The relatively subdued reaction from the Muslim world “helps confirm that Trump not only did the right thing, but also offered important doses of reality for the peace process,” said Michael Makovsky, a Pentagon official in the George W. Bush administration who now leads the Jewish Institute for National Security of America.

The new Embassy’s official dedication on Monday may yet trigger the sort of violence many predicted back in December. The ceremony — which the president’s daughter Ivanka Trump and son-in-law Jared Kushner will attend — does come at a particularly fraught moment in the region, coinciding with sensitive anniversaries, Palestinian calls for protests and recent military blows between Israel and Iran.

But there’s also a growing sense that any violence that might occur in the coming days might not matter much in the long run.

The status of Jerusalem — and maybe even the overall status of the Palestinians — no longer galvanizes the Muslim world as it once did, analysts on both sides of the issue say. The longtime calculus has been altered by worries about Iranian

influence, the spread of Islamist militancy, internal anger at Arab autocracies and frustration with Palestinian leaders.

Monday’s event will be more about style than substance: The Trump administration is simply relabeling a consular facility in the city as its Embassy and shifting some functions there from Tel Aviv. A permanent embassy site will take at least seven to 10 years to find and build, according to a State Department cable obtained by POLITICO.

But the style will be grand, with an event featuring some 800 attendees — including Israeli Prime Minister Benjamin Netanyahu and a U.S. congressional delegation. Trump won’t attend in person but plans to address the audience by video.

Kushner met privately with Netanyahu in Jerusalem on Sunday, according to Israeli media, along with Jason Greenblatt, a Trump special envoy for the Middle East peace process. At a gala event on the eve of the embassy ceremony, Netanyahu called on dignitaries from other nations in attendance to follow suit and move their embassies.

Palestinians and Israelis have long claimed Jerusalem as their capital, but most countries have declined to take a side, saying the issue must be resolved in peace talks. Trump upended convention by recognizing Israel’s claim.

In doing so, Trump fulfilled a campaign promise other U.S. presidents had made but failed to keep — one that motivates his evangelical Christian supporters.

The move did initially trigger an angry reaction in the region: Jordan’s King Abdullah II urged Trump to back off. Saudi Arabia’s King Salman told Trump he was taking “a dangerous step … likely to inflame the passions of Muslims around the world.” Egypt’s President Abdel Fattah el-Sisi advised Trump not to “complicate” matters in the Middle East.

Thousands protested from Tunisia to Malaysia.
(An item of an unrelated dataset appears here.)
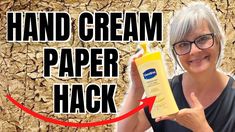 a woman holding up a tube of hand cream in front of a cracked wall with the words hand cream paper hack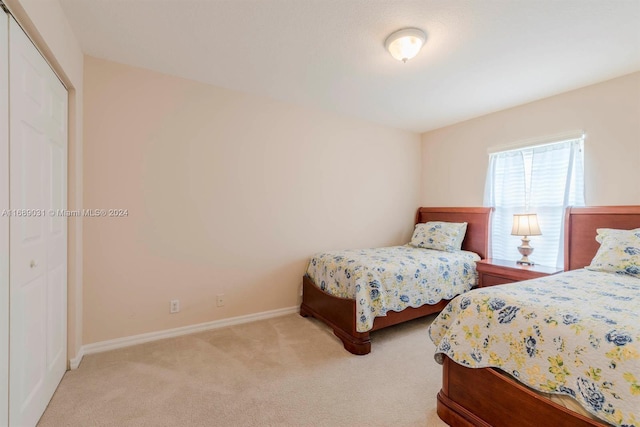 bedroom with light carpet and a closet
At least four Palestinians died in clashes with Israeli security forces in the West Bank and along the Gaza border, while dozens more were injured.
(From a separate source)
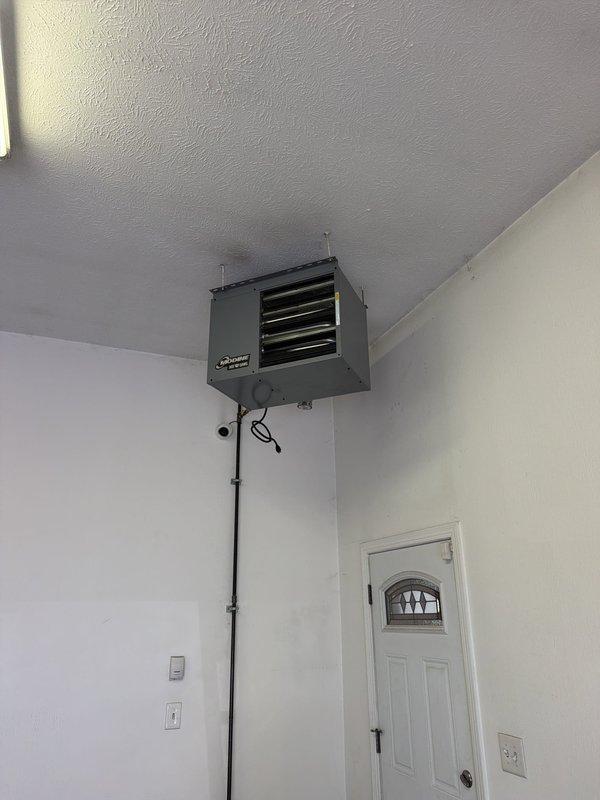 Installed customer-supplied garage heater unit in residential garage space. Mounted gray metal heating unit to upper wall corner near ceiling with secure mounting brackets, ran black electrical conduit vertically down wall for power supply, and completed all electrical connections to ensure proper operation of the wall-mounted heating system.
But those protests faded relatively quickly, and calls for a new “intifada,” or uprising, by the Gaza-based Palestinian militant group Hamas fell flat.

One reason appears to be sheer exhaustion among Palestinians who remember the destruction caused by past uprisings. Palestinian security officials in particular understand that their Israeli counterparts would use overwhelming force against another intifada.
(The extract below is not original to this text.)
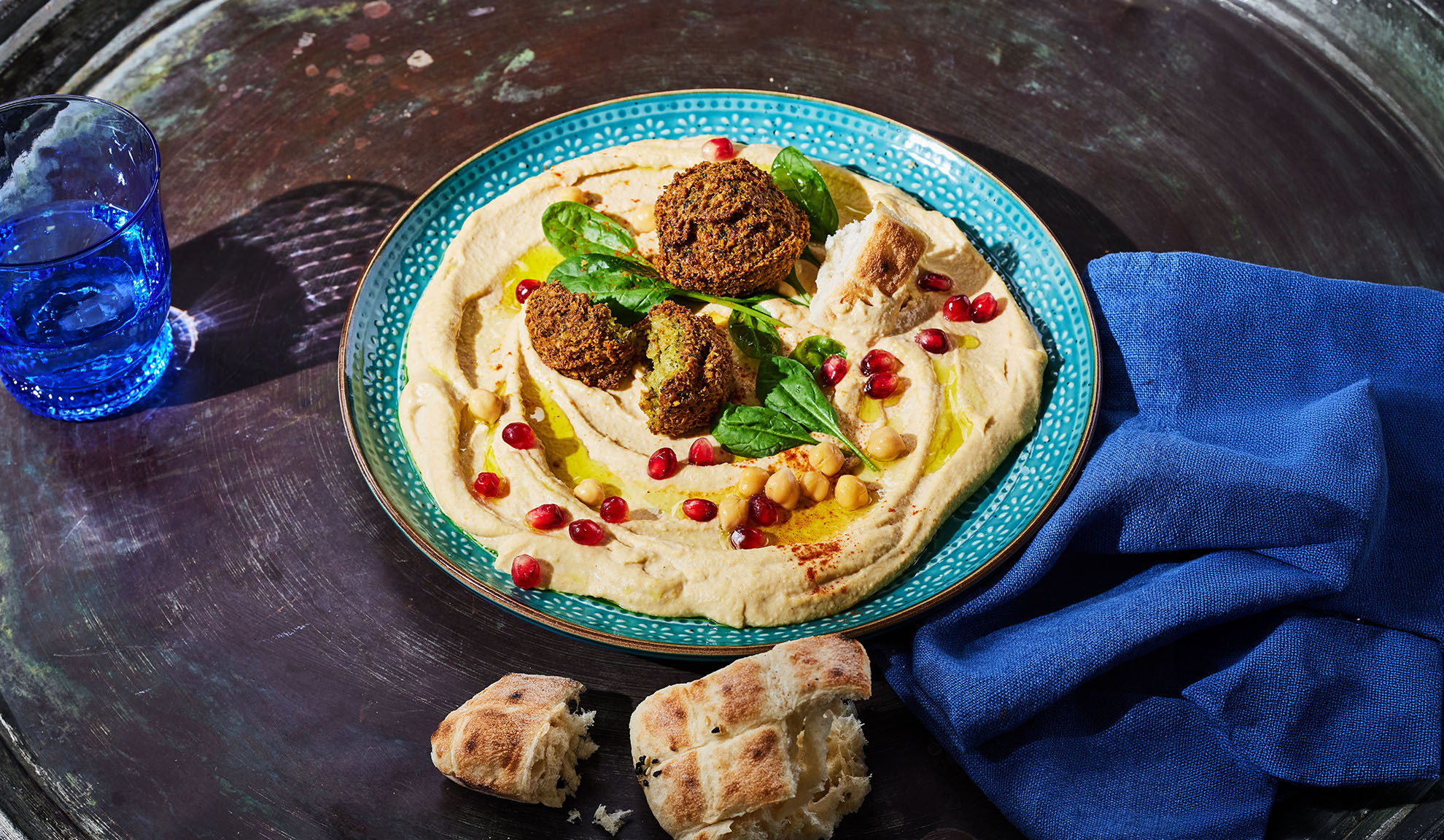 Hummus mit Falafel, Granatapfelkernen und Pitabrot auf einem dunklen Tisch.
Many Palestinians are also unhappy with a leadership they consider divided,

corrupt and hapless. At 82, Palestinian leader Mahmoud Abbas is struggling to maintain his power and credibility. Abbas was forced to apologize earlier this month after suggesting that Jews brought the Holocaust on themselves in part because of their “social function,” including money lending.

Palestinians think, “‘Why should I go out, get shot at when at the end of the day I have no political leadership that will capitalize on it?'” said Ghaith al-Omari, a senior fellow at the Washington Institute for Near East Policy who previously held positions in the Palestinian Authority.

“The Palestinian Authority leadership — old, tired, having lost legitimacy — fears that a street awakened to Jerusalem will end up turning its frustrations against it,” added Nimrod Novik, an Israeli-based fellow with the Israel Policy Forum.